Bei mir ist auch was tolles passiert spiel ja auch hunter


Da droppt so bei nem boss irgend ein ring (für hunter) mit viel trefferwertung etc. und dann ist ne kackplatte dazugekommen und ich hab mich natürlich verklickt dachte  immer der ring kommt bedarf den rest X ^^ naja ich hab X mit mitn bedarf verwechselt ist mir nur einmal passiert im leben und du wirst gleich psychisch fertig gemacht .... ^^. 


Naja es stimmt wirklich ich das kiddys hunter spielen. ich spiel so mach mir ein  twink gut. da ladet mich grad so einer ein der lvl 5 oda so war ich 10 ^^  er war hunter gut, dann hat der NOCH SPRACHCHAT aktiviert und wollte mit mir reden ^^ wie alt ich bin ... lol dann erzählt der mir noch das seine hawara auch huner spielen und ich gleich:" Kindische Hunter kann man auf diesen server nicht gebrauchen" und hab eben die gruppe verlassen.. ^^




sry für rechtschreib oda sonstige fehler xD es ist 3 UHR ^^


----------



## BimmBamm (5. Juli 2008)

Yadiz schrieb:


> @Ahshen: Satzzeichen sind keine Rudeltiere.



Sorry, aber bei dem Satz hakt es bei mir gerade mal ganz aus! Irgendwann brachte mal ein Privatsender eine sogenannte "Kultursendung" (die senden das nur, um eine bestimmte Quote "Qualitätsbildungsfernsehen" einzuhalten, damit es die Steuerausgaben senkt), in der ein "Fachmann" über Schulamokläufer sinnierte. Im Laufe des Gespräches definierte dieser Experte den Amokläufer als "Apokalyptiker des Risikos" (es gibt ein schriftliches Protokoll, indem ich mit einem Sozialpädagogen über "Restrisikoapokalyptiker" debattiere, das lediglich von länger andauernden Lachanfällen unterbrochen wurde).
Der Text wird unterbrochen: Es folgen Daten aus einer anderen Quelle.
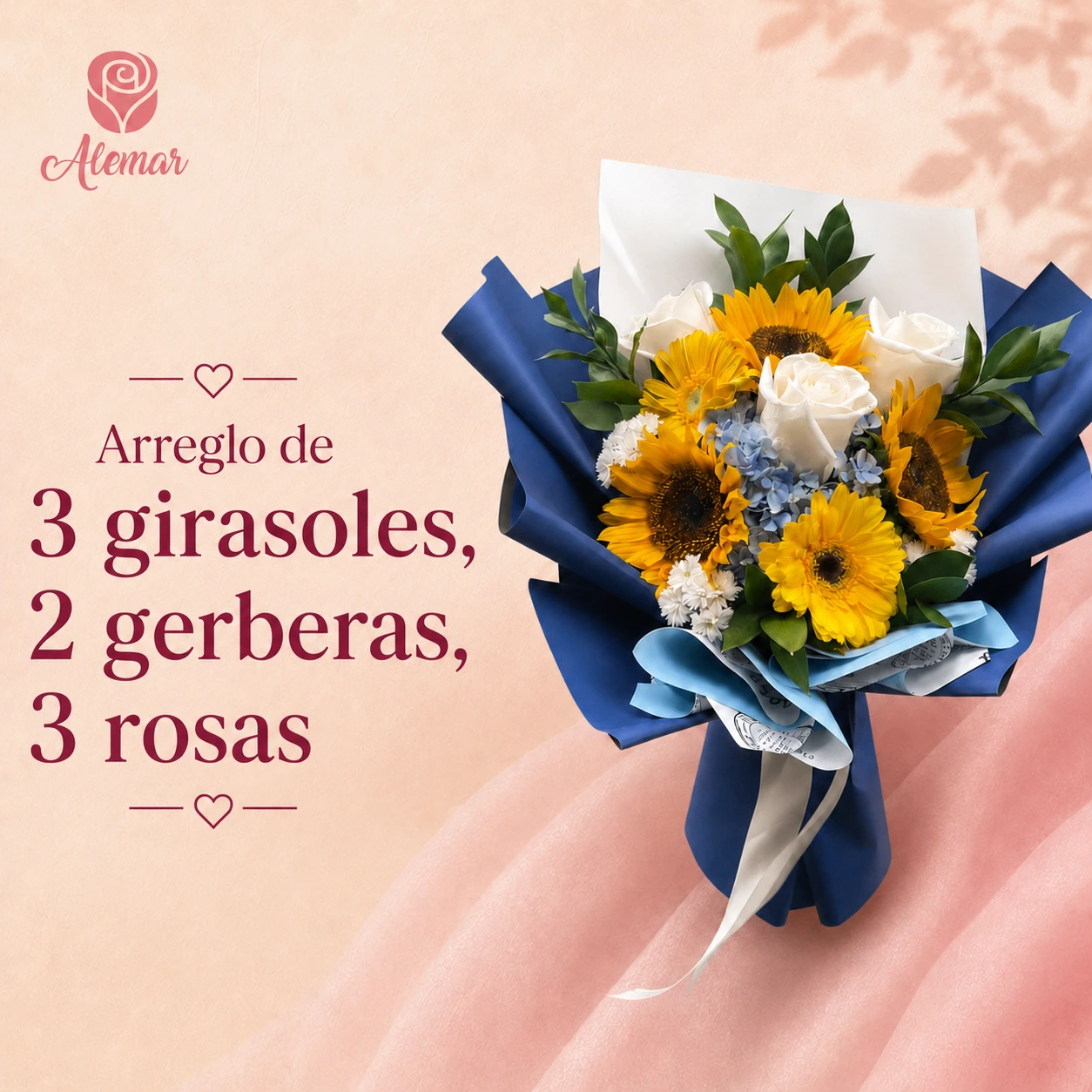 Arreglo de girasoles y gerberas - imagen 1
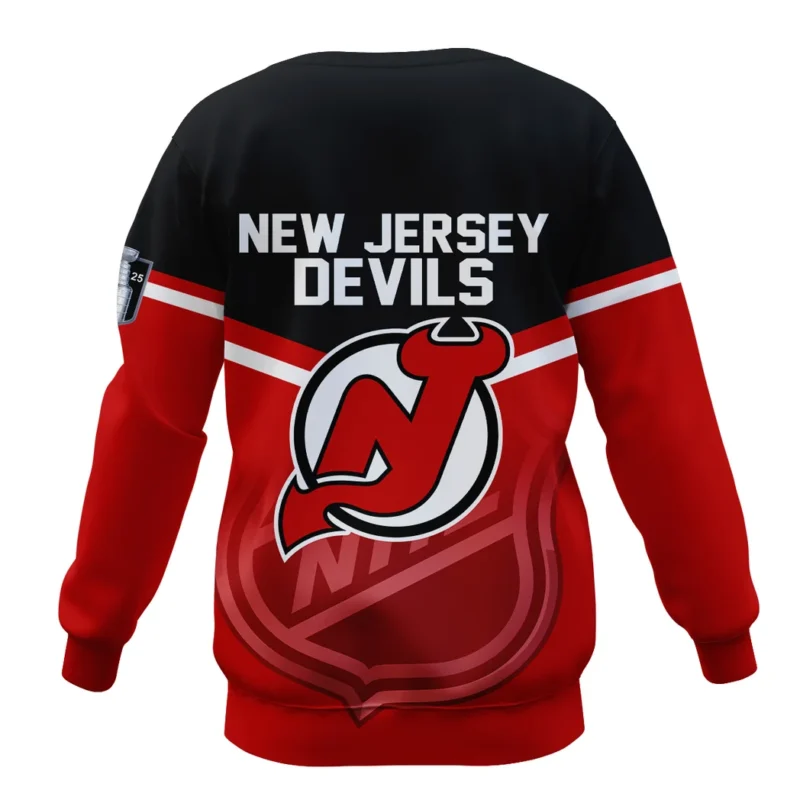 Hockey Sweatshirt NHL 2025 For Sport Fans HVN1054NJD060625SW - Image 3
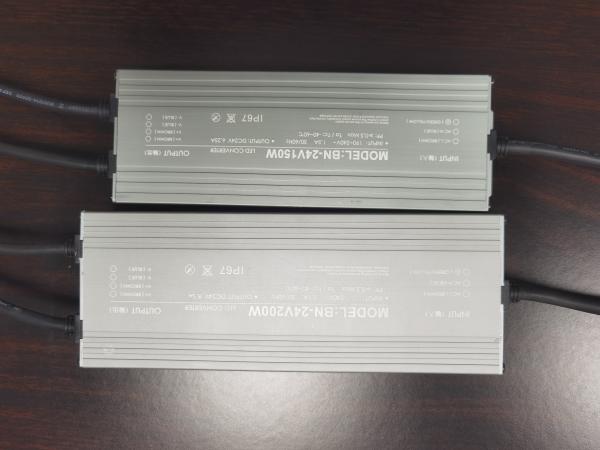 Aluminum Case Rainproof Power Supply IP54 Waterproof Single Output 100 ~ 264 VAC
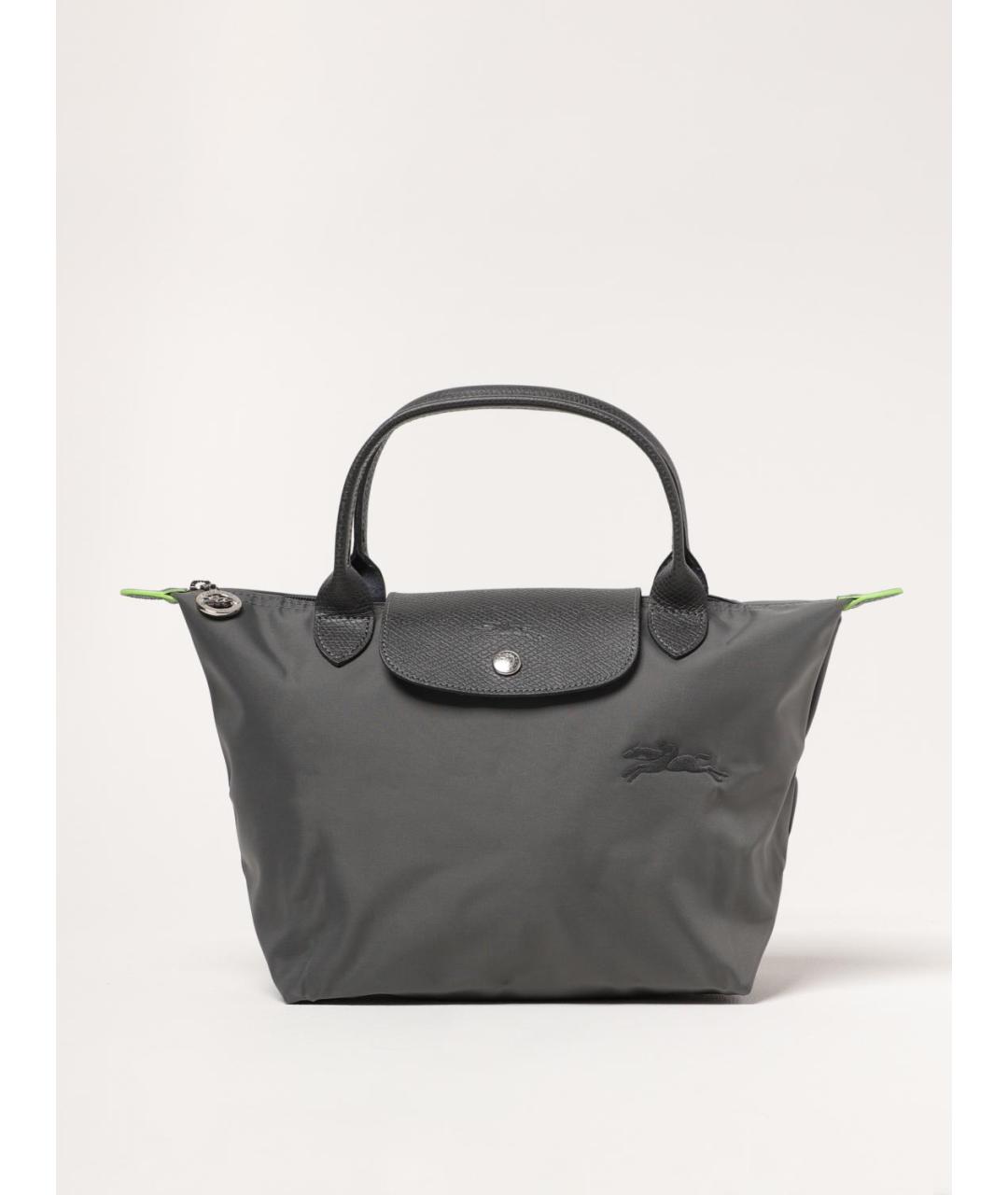 LONGCHAMP Серая сумка тоут, фото 5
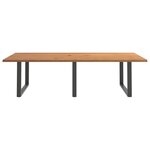 vidaXL Table à manger marron clair bois de chêne massif rectangulaire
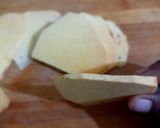 A picture of step 1 of Elephant yam tawa fry.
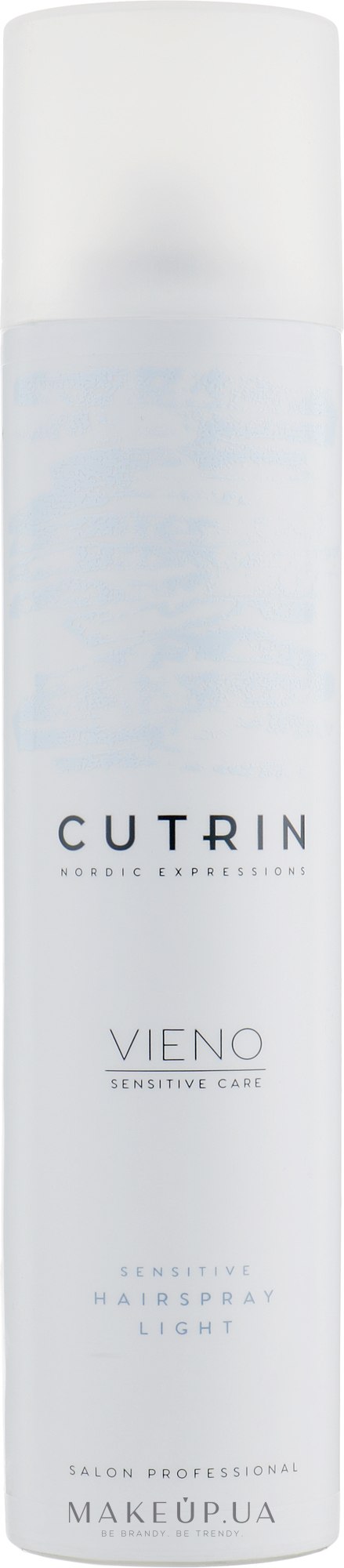 Лак легкой фиксации для чувствительных волос - Cutrin Vieno Sensitive Hairspray Light — фото 300ml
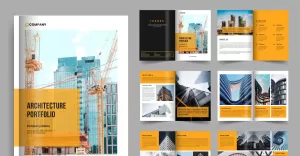 Architecture portfolio interior portfolio and design portfolio template design
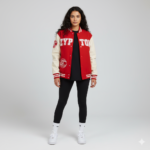 Authentic Letterman Varsity Jacket – Heavyweight Wool & Soft Touch Sleeves – Retro College Baseball Bomber for Men, Women & Youth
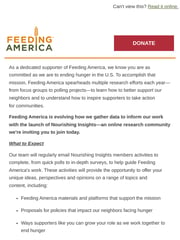 Email Inspiration from Nourishing Insights Team, Feeding America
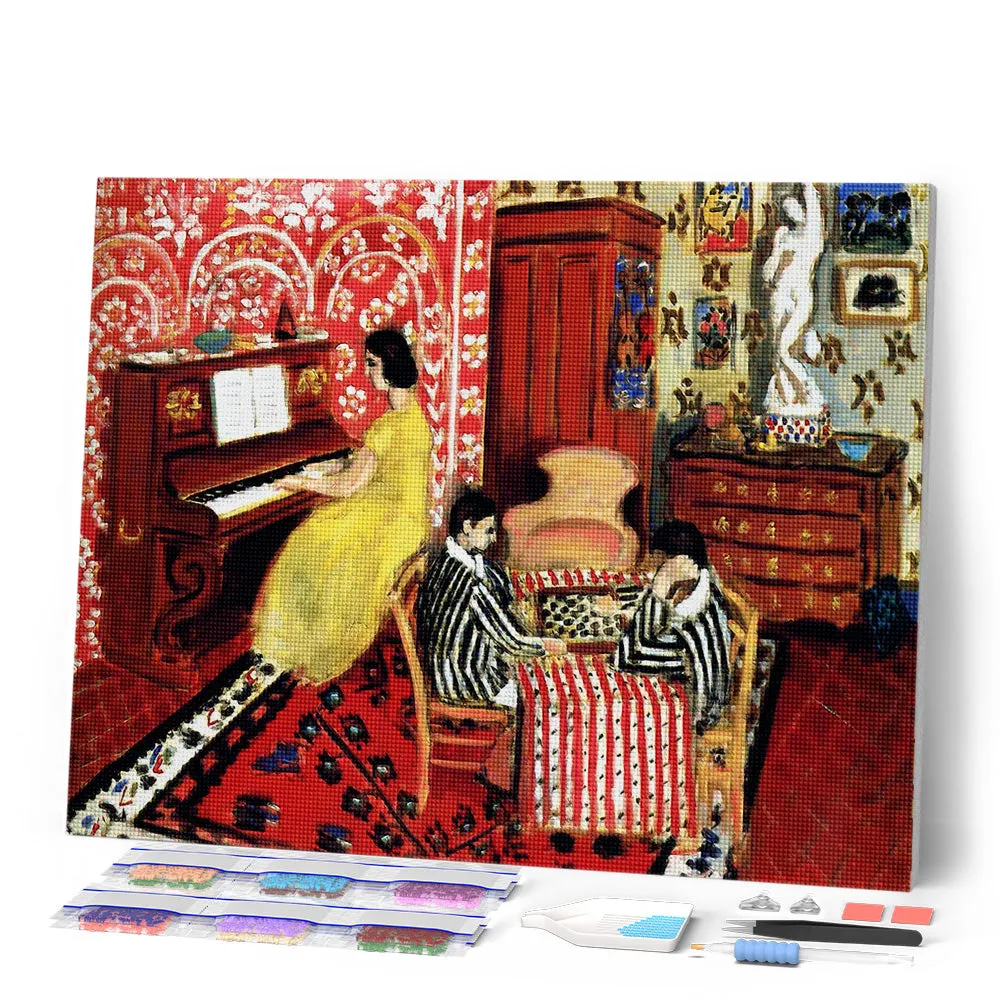 Figured'Art De Pianist en de Damspelers Diamond Painting Matisse 40x50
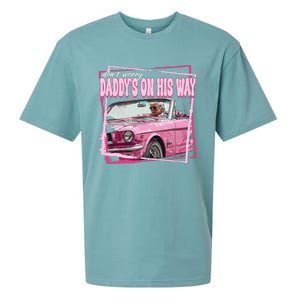 Funny DaddyS Home Trump Pink 2024 Take America Back 2024 Sueded Cloud Jersey T-Shirt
"Satzzeichen sind keine Rudeltiere" spielt nicht ganz in dieser Liga, ist aber nahe dran. Und ich meine das nicht etwa abwertend!  

Vielen Dank dafür!

Bimmbamm


----------



## alpacino61 (5. Juli 2008)

Also spiele selber n Jäger.
Hab bisjetzt noch niemand irgendwas weggewürfel selbst wenn die Stats die ich brauch auf ner Waffe draufwaren
und ich die nich geskillt hab - Gier.
Dein Problem liegt darin, dass es einfach viel zu viele Jäger gibt.
Ich hab mich vorher ausgiebig über die Klasse informiert weiß was wichtig ist und frag eig sogar die Grp
vorher nochmal ob ich Bedarf machen kann oder es vorher noch jemand dringender brauch.
Aber man muss auch zugestehen, dass viele andere Klassen das genauso machen.
Das sind eben auch Klassen die oft von Spielern gewählt werden wenn sie sich einen ihrer
ersten Chars erstellen z.b Krieger.
Ich hab schon oft erlebt dass n 65er Bedarf auf Schwere Rüstung mit +Heal und + Spell Crit gemacht hat
Aber da muss man durch so ist eben World of Warcraft.

MFG

Nyor


----------



## Jantal (5. Juli 2008)

Ich finde es immer wieder toll von euch 
wie ihr einzelne (Ninja Looter) über die ganze Gruppe
Der Jäger stellt
Ich kann euch von jeder Klasse erzählen die auf Items Bedarf gewürfelt haben
und die Sachen verkauft haben
Aber ja es sind immer die Jäger


----------



## lord just (5. Juli 2008)

also man darf das nicht so verallgemeinern.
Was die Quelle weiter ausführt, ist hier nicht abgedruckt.